In the 401(k) industry, withdrawal refers to the action of taking money out from a 401(k) plan, which is a retirement savings plan sponsored by an employer. It lets workers save and invest a portion of their paycheck before taxes are taken out. Withdrawals can be of several types:
- Regular Withdrawals: Typically, 401(k) plans allow for regular withdrawals once the plan participant reaches the age of 59½. Withdrawals made after this age are subject to regular income tax, but not the additional 10% early withdrawal penalty.
- Early Withdrawals: If funds are withdrawn before the age of 59½, they are usually considered “early” or “premature” withdrawals and are subject to an additional 10% early withdrawal penalty on top of regular income taxes.
- Required Minimum Distributions (RMDs): Starting at age 72 (or 70½ if you were born before July 1, 1949), account holders are required to take minimum distributions from their 401(k) plans. The amount is based on the account balance and the participant’s life expectancy.
- Hardship Withdrawals: Some plans allow for a withdrawal if the participant experiences an immediate and heavy financial need, and the withdrawal is necessary to satisfy that need.
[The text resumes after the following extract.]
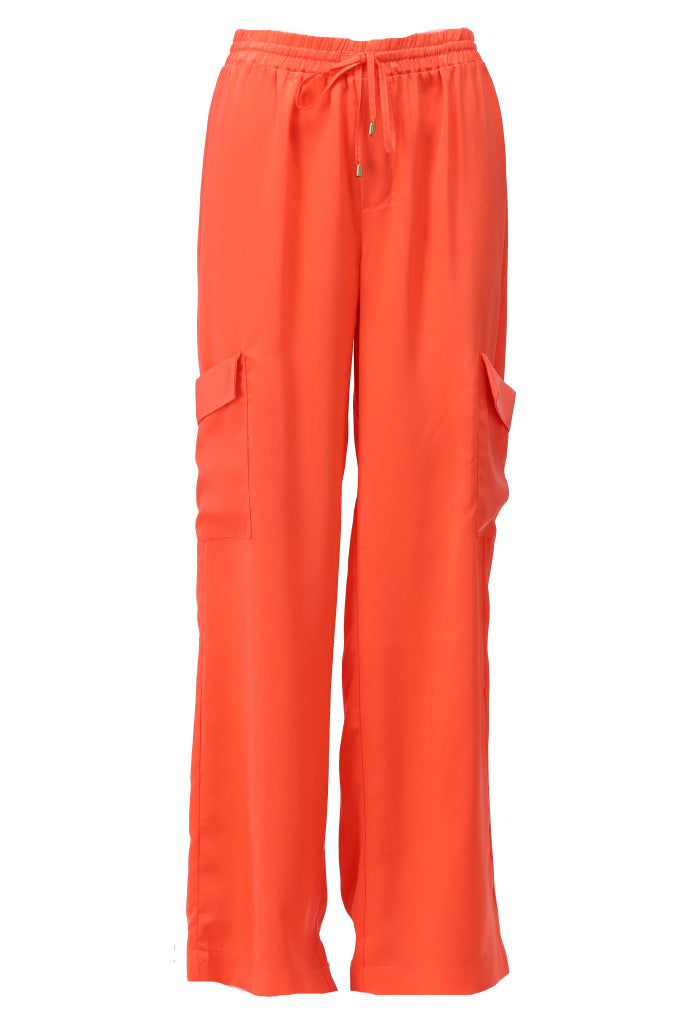 K-design - Cargo broek in satijn look (A673Orangeade) - What Els!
This could include certain medical expenses, costs related to the purchase of a home, tuition and educational fees, and payments to prevent eviction or foreclosure.
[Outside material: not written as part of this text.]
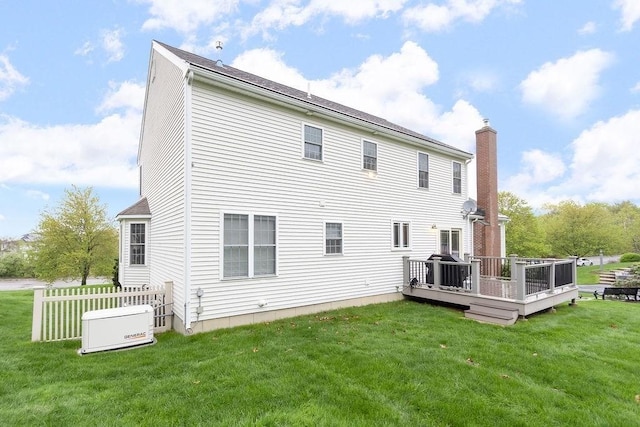 19 Miele Rd, Marlborough, MA 01752 - rear view of property with a chimney and a deck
- Loans: While not technically a withdrawal, some 401(k) plans allow participants to borrow from their account. These loans must be repaid with interest, typically through payroll deductions.
Each type of withdrawal has specific rules, tax implications, and potential penalties, so it’s important for individuals to understand the terms of their specific 401(k) plan and consult with a financial advisor or tax professional before making a withdrawal.